Resident Memory-like CD8+ T Cells Are Involved in Chronic Inflammatory and Neurodegenerative Diseases in the CNS

Abstract

Background and Objectives Resident memory T (Trm) cells are a unique population that can survive and function in a compartmentalized tissue with inflammatory potential. We aim to investigate the alteration of Trm population in acute/chronic inflammatory and neurodegenerative diseases in the CNS.

Methods The frequencies of CD4+ and CD8+ T cells expressing both CD69 and CD103, the markers for Trm cells, were quantified in the peripheral blood and CSF (n = 80 and 44, respectively) in a cross-sectional manner. The transcriptional profile of Trm-like population in the CSF was further analyzed using a public single-cell dataset.

Results The frequency of CD69+CD103+CD8+ T cells was strikingly higher in the CSF than in the peripheral blood (among memory fraction, 13.5% vs 0.11%, difference (mean [SE]): 13.4% [2.9]). This CD69+CD103+CD8+ T-cell population was increased in the CSF from patients with chronic inflammatory diseases including multiple sclerosis and with neurodegenerative diseases such as Parkinson disease and Alzheimer disease compared with controls (11.5%, 13.0%, 8.1% vs 2.9%, respectively). By contrast, the frequency was not altered in acute inflammatory conditions in the CNS (4.0%). Single-cell RNAseq analysis confirmed Trm signature in CD69+CD103+CD8+ T cells in the CSF, supporting their Trm-like phenotype, which was not clear in controls.
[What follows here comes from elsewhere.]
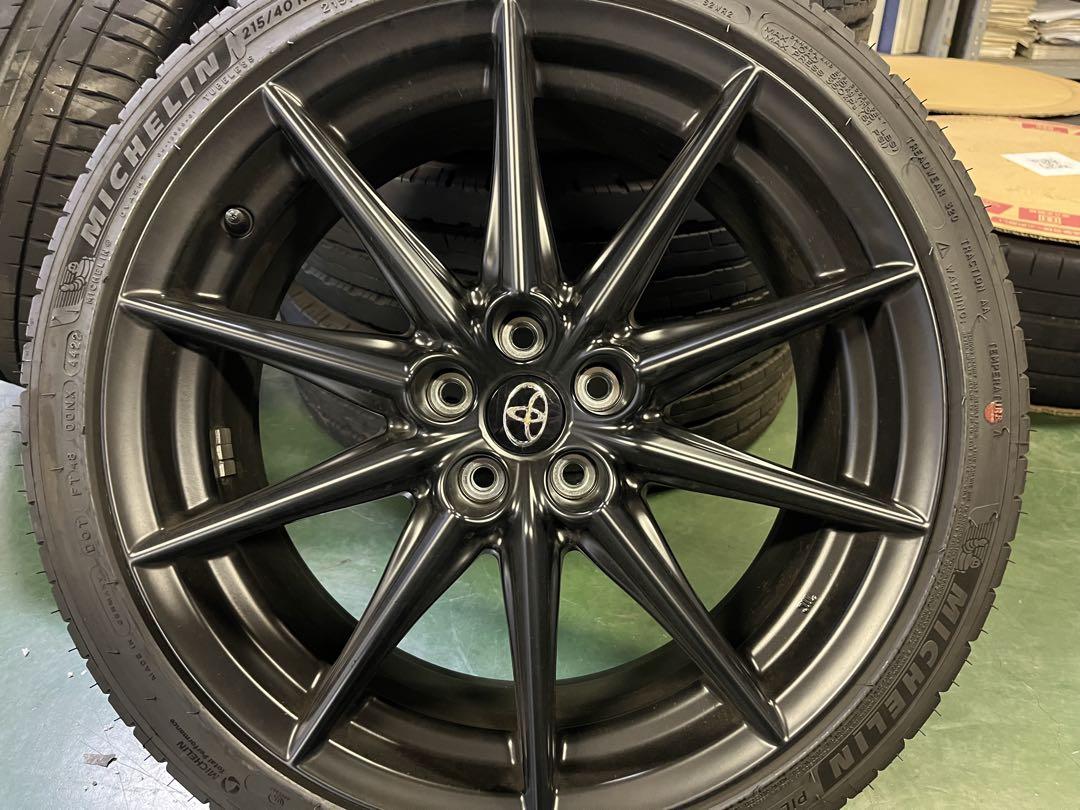 新車外し　トヨタ GR86 18インチホイール ミシュランタイヤセット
Discussion Collectively, an increase in CD69+CD103+CD8+ Trm-like population in the CSF is related with both chronic neuroinflammatory and some neurodegenerative diseases in the CNS, suggesting a partially shared pathology in these diseases.

GlossaryAD=Alzheimer disease; ALS=amyotrophic lateral sclerosis; MS=multiple sclerosis; NMOSD=neuromyelitis optica spectrum disorder; PBMC=peripheral blood mononuclear cells; PD=Parkinson disease; Trm=resident memory TIntroduction

Inflammatory CD4+ and CD8+ T cells play a pivotal role in autoimmune diseases of the CNS. It has been recently reported that T cells in the CNS of patients with multiple sclerosis (MS) have distinct transcriptomic characteristics, including expressions of CD69 and CD103, which are markers of resident memory population.1,2 There tissue-resident memory-like CD8+ T (Trm-like CD8+) cells, which populate active inflammatory lesions of patients with MS, showed signs of reactivation and cytotoxicity.1 Consistently, clonally expanded CD8+ T cells in the CSF of patients with MS showed Trm-like transcriptome compared with nonexpanded CD8+ T cells.3

Clonally expanded CD8+ T cells are also found in the CSF of patients with Alzheimer disease (AD).4 The clones are characterized by increased gene expressions of cytotoxic molecules, such as GZMA. GZMA+CD8+ T cells are prevalent in the hippocampi of patients, suggesting their pathologic role.4 Consistently, T-cell infiltration in the hippocampi was found to correlate with AD pathology.5 Inflammatory T cells are also known to infiltrate in neurogenic niches in the aged brain, thus inhibiting proliferation of neural stem cells.6 Another study showed CD69+CD103+CD8+ Trm-like cells with polyfunctionality in the brains from patients with Parkinson disease (PD).7 However, it is not yet known how Trm-like cells in the CNS compartment are numerically and functionally altered in various neurologic diseases.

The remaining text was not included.